Magnetically ordered state at correlated oxide interfaces: the role of random oxygen defects
Natalia Pavlenko, Thilo Kopp

TL;DR
This study investigates how random oxygen vacancies influence magnetic ordering at correlated oxide interfaces, revealing that vacancies can enhance ferromagnetism and stabilize magnetization, especially in strongly correlated regimes.
Contribution
It introduces a model analyzing the impact of oxygen vacancies on interfacial magnetism, highlighting vacancy-induced ferromagnetism stabilization and nonmonotonic magnetization behavior.
Findings
Vacancies enhance ferromagnetic order.
Magnetization stabilizes above 10% vacancy concentration.
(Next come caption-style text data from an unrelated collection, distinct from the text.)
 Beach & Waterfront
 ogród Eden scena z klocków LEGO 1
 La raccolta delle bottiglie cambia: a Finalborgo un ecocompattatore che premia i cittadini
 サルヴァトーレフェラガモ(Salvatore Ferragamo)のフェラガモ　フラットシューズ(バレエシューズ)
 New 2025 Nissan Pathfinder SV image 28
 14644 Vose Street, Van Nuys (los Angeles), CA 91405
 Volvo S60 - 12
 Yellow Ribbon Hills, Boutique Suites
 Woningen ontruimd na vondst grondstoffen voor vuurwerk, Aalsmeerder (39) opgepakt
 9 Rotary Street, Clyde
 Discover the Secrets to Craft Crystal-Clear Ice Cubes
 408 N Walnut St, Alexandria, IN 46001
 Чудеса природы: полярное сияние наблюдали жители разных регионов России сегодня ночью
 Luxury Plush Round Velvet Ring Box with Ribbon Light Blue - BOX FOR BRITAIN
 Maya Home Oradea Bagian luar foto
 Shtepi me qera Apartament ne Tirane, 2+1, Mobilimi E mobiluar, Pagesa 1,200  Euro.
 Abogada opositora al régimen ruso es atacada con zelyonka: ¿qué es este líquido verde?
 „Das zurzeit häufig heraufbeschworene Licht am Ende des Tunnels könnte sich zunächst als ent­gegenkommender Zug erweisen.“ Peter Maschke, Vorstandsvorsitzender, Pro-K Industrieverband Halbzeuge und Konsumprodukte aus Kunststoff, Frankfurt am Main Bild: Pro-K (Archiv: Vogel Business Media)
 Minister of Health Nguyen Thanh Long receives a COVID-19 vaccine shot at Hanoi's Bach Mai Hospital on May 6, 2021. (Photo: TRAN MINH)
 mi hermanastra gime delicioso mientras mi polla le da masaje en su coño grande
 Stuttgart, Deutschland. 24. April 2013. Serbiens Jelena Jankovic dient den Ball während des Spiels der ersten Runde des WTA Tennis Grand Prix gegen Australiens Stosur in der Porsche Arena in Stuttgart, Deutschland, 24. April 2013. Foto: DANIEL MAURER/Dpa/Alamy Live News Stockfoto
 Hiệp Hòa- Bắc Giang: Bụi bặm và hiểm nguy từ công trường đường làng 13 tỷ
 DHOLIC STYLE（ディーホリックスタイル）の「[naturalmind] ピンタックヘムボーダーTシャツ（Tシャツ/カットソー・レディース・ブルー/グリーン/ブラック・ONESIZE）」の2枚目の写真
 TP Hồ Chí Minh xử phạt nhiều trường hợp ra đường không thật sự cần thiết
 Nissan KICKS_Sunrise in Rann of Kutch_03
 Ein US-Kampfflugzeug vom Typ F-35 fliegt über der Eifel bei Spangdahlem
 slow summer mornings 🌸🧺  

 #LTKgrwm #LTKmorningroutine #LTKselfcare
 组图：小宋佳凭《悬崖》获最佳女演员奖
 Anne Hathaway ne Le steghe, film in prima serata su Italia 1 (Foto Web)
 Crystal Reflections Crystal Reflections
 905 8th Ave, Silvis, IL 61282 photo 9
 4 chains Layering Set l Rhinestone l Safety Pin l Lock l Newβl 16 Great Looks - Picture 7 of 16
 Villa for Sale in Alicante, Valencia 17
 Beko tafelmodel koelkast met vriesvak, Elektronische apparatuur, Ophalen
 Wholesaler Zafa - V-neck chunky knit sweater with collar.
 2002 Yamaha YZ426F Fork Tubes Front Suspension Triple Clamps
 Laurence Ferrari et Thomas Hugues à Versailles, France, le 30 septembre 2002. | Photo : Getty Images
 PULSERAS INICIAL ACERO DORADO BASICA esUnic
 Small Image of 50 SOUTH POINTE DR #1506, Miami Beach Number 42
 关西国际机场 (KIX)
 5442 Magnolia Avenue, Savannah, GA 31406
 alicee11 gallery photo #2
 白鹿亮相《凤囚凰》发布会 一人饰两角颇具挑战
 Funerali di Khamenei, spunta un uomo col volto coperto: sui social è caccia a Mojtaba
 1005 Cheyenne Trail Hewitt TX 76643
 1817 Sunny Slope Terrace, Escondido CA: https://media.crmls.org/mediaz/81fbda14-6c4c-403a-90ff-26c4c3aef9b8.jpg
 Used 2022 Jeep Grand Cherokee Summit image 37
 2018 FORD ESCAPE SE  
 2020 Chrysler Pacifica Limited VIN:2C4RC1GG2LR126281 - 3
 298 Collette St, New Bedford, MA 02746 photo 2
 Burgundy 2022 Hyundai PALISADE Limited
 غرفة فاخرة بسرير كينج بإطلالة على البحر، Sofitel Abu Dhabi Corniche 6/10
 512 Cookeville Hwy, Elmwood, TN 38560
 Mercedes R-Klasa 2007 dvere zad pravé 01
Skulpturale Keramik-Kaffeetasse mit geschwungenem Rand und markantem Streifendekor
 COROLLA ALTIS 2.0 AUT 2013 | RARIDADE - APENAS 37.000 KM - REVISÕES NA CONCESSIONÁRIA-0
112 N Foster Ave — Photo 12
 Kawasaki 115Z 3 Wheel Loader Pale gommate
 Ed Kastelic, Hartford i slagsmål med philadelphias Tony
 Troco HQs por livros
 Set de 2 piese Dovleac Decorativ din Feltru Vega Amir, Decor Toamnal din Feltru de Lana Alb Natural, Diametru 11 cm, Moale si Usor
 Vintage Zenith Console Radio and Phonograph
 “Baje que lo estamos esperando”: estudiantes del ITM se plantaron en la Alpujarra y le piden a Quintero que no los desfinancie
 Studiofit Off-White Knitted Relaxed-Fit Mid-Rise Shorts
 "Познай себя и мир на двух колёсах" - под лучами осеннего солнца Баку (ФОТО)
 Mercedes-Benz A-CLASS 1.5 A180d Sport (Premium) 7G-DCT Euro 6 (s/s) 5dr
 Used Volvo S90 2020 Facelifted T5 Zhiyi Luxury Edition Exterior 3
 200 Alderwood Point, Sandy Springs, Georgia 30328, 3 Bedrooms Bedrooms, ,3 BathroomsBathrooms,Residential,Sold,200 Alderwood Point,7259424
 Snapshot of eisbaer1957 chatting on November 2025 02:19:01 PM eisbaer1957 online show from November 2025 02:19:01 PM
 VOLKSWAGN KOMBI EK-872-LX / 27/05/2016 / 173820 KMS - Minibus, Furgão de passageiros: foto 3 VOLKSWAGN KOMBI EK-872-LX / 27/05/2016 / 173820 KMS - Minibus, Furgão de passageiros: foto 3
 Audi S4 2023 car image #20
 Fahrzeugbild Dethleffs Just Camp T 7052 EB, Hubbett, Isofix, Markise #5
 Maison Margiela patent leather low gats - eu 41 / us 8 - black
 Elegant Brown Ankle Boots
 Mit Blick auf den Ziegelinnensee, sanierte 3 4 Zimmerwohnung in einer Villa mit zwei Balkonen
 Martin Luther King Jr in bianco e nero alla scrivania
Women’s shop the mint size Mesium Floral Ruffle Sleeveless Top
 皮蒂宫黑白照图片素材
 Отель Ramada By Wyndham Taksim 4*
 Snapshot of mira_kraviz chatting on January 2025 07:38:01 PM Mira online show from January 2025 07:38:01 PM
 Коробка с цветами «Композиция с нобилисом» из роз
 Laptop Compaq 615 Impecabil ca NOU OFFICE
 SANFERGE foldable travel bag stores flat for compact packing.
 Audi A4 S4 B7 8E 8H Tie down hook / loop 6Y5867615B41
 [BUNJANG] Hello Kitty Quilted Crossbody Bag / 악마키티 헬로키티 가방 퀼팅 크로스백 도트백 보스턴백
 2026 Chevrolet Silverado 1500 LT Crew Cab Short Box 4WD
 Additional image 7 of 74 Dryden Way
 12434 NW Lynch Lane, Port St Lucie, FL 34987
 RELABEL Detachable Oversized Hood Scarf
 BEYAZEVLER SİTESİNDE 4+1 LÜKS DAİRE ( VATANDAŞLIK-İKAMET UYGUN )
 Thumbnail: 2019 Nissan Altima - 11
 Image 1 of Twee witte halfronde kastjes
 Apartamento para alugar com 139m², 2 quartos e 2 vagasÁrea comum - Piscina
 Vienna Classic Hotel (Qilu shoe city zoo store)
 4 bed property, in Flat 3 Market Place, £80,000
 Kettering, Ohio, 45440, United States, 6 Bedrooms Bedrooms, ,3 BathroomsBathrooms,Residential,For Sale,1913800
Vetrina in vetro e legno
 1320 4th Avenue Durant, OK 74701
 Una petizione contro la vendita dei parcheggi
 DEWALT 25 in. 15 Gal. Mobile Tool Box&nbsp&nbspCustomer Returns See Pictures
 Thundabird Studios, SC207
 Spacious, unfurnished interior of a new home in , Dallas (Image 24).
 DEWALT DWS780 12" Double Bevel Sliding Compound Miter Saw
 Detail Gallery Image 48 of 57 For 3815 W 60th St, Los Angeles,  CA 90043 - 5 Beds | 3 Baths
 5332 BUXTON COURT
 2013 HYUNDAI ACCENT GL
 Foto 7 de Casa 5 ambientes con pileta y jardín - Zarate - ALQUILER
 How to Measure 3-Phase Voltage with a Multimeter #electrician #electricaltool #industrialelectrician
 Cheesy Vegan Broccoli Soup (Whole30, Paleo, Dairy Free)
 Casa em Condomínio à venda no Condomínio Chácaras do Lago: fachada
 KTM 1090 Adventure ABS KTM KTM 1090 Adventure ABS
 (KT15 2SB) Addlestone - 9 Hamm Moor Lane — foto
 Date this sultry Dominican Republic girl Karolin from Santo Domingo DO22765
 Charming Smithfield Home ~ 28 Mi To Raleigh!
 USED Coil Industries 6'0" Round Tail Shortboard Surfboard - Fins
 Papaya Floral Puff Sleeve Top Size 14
Strong correlations lead to increased magnetic moments.
Abstract
Using an effective one-band Hubbard model with disorder, we consider magnetic states of the correlated oxide interfaces, where effective hole self-doping and a magnetially ordered state emerge due to electronic and ionic reconstructions. By employing the coherent potential approximation, we analyze the effect of random oxygen vacancies on the two-dimensional magnetism. We find that the random vacancies enhance the ferromagnetically ordered state and stabilize a robust magnetization above a critical vacancy concentration of about c=0.1. In the strong-correlated regime, we also obtain a nonmonotonic increase of the magnetization upon an increase of vacancy concentration and a substantial increase of the magnetic moments, which can be realized at oxygen reduced high-Tc cuprate interfaces.